Some community residents view the use of CIs as not only tolerating criminal activity, but also enabling it–greatly diminishing the legitimacy of policing in their eyes. Another Mississippi mother, Sandra, says that her son’s informer was allowed to continue his own criminal enterprise while turning in her son:
“They use people who already have a felony conviction and should be in prison, and give them ‘paper time.’ The week before they arrested my son, they search and arrest this guy. He had weed, crack and money on him. They gave it back to him and let him go on ‘paper time’ for snitching on my son.”
The report concludes by proposing numerous reforms, including the establishment of an informant registry to keep track of people who are trying to work off their own criminal charges, a requirement that law enforcement report crimes committed by their informants, and a ban on using juvenile snitches.
MIT Professor Gary Marx reviews “Snitching”

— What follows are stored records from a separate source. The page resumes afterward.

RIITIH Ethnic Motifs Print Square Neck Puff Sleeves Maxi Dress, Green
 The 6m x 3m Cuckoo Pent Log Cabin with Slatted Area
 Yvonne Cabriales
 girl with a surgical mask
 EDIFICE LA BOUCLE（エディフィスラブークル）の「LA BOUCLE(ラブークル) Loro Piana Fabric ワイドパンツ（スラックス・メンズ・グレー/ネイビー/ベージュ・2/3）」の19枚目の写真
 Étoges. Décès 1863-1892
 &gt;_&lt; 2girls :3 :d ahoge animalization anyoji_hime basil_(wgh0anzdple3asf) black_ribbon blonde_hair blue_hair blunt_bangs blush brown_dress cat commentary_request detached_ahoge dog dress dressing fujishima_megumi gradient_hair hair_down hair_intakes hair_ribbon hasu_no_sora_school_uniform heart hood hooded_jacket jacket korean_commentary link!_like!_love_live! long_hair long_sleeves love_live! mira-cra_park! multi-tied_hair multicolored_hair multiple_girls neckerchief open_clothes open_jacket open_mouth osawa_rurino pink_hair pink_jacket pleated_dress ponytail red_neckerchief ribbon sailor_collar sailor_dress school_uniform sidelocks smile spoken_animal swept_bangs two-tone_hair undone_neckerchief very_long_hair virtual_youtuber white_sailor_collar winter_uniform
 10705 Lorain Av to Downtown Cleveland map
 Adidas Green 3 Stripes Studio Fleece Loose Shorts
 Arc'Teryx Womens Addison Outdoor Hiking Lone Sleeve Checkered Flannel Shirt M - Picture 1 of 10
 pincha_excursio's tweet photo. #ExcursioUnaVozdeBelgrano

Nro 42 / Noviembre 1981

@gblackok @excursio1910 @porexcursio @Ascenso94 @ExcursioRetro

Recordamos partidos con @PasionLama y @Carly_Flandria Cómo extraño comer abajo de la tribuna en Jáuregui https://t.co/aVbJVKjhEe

Gary T. Marx is professor emeritus of sociology, Massachusetts Institute of Technology. He is author of the seminal book Undercover: Police Surveillance in America (1989) and he has written extensively on the new forms of surveillance, social control across borders, and comparative law. His book review of “Snitching,” forthcoming in Theoretical Criminology, is here. Here’s the beginning of the review:
It is rare to encounter a book that nurtures the passion for justice while also remaining respectful of standards of scholarship. Law professor Alexandra Natapoff has done that in a splendidly informative and lively book. The topic of criminal informants (which need not be the same as informants reporting on criminals) has never been has so comprehensively, disturbingly and clearly analyzed — not only should criminal justice practitioners and students be required to read it, they should be tested on it.
Among the most significant and least studied aspects of American criminal justice is how the government obtains evidence. Apart from what can be learned from direct observation, searches, forensics or accidents, authorities in a democracy are forever sentenced to making deals, rewards, threats, manipulation, covert surveillance, undercover operations and tips. Negotiation, compromise and voluntary compliance play a much larger role than in more authoritarian societies lacking our expansive notion of procedural rights. Coercion, deception and actions off the books are just beneath the veneer and support the table of our high civic ideals — ironically partly because of them.